La strada è forse uno dei romanzi di McCarthy più difficili da affrontare, come lo sono certe verità. Nella storia narrata, la ferita del mondo è ormai troppo profonda. Non c’è più traccia della natura, tutto è ridotto a cenere, in una post-apocalisse di cui l’autore non rende nota la causa: non è questo il punto.

Il punto è cosa fare di quello che rimane. E ciò che rimane, in un mondo ormai morto, sono una manciata di uomini e donne ridotti a bestie, consumati dal solo pensiero di se stessi e della loro sopravvivenza. E un padre e un figlio, che continuano a camminare in silenzio, cercando di raggiungere l’oceano.

In un mondo così esposto al tocco del male, nel quale l’ordine su cui poggiava ogni cosa è ormai spezzato e “non si può riaggiustare”, il padre continua a proteggere il figlio, perché “è il suo compito”. Non solo dalle intemperie e dai pericoli di quella natura ostile, ma soprattutto dalla paura e dalla desolazione, dal buio che questa può portare nel suo animo. Il padre resiste perché ha un figlio da salvare e il bambino sopravvive ed è promessa di vita perché ha un padre, perché l’uno riconosce se stesso soltanto negli occhi dell’altro. Senza il figlio, senza quella promessa di vita il padre non sentirebbe di avere alcun compito: il suo stesso essere al mondo non avrebbe più senso. Senza il padre, il figlio non potrebbe divenire promessa di vita, perché non conoscerebbe un amore talmente potente da pensare di poter sfidare il male. Ecco perché i protagonisti di questa storia non potevano che essere più di uno.

Emblemi di una silenziosa, universale preghiera, padre e figlio continuano a camminare verso l’oceano, verso una speranza di vita. Scelgono di non arrendersi alla desolazione, di non rivolgersi indietro osservando nostalgici un passato che non si ripeterà più come prima. Il loro sguardo è rivolto in avanti.

Cosa li salva? L’amore che provano l’uno per l’altro. Ma anche la pietà verso quel che rimane dell’umanità. Se ciò che alimenta il male nell’uomo è la spietatezza nei confronti del mondo, dei suoi simili e di tutto ciò che è sacro, ciò che lo salva è la pietà: la capacità di non cedere alla desolazione mostrando sempre un sincero trasporto per gli altri. E l’amore per la vita, perché il figlio rappresenta per il padre la sola promessa di un domani che gli sopravvivrà. Un amore talmente radicato, talmente indicibile da permettersi di scommettere contro il male.

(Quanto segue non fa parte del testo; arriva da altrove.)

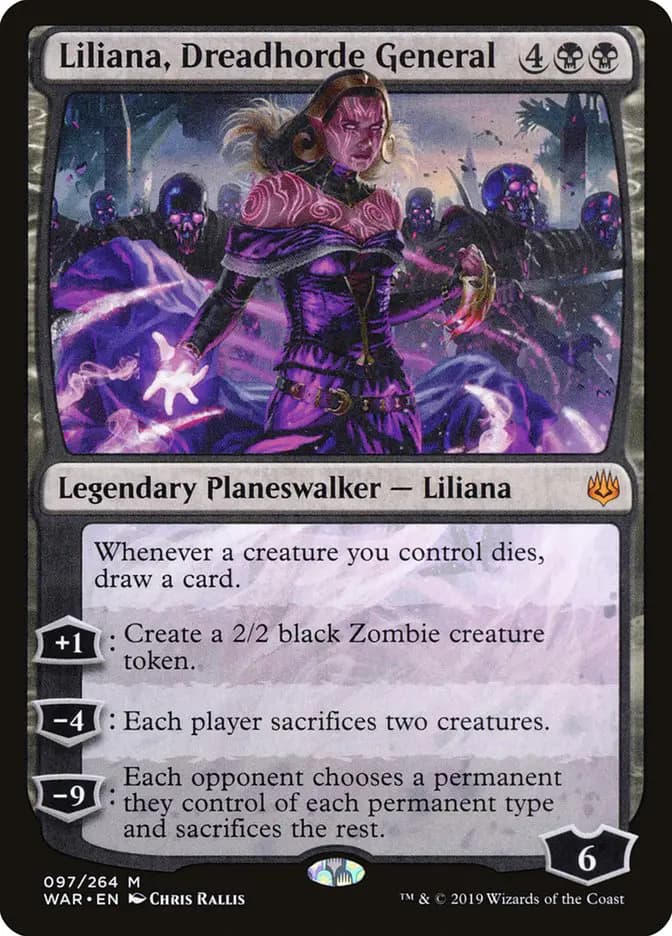 Card image of Liliana, Dreadhorde General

«Ce la caveremo, vero, papà?

Sì. Ce la caveremo.

E non ci succederà niente di male.

Esatto.

Perché noi portiamo il fuoco.

Sì. Perché noi portiamo il fuoco».

È il grande insegnamento di McCarthy in questo tempo sospeso, in questo spazio annullato, di fronte a un male che, questa volta, ci impedisce di voltare lo sguardo dall’altra parte: non ci succederà niente di male, se porteremo il fuoco.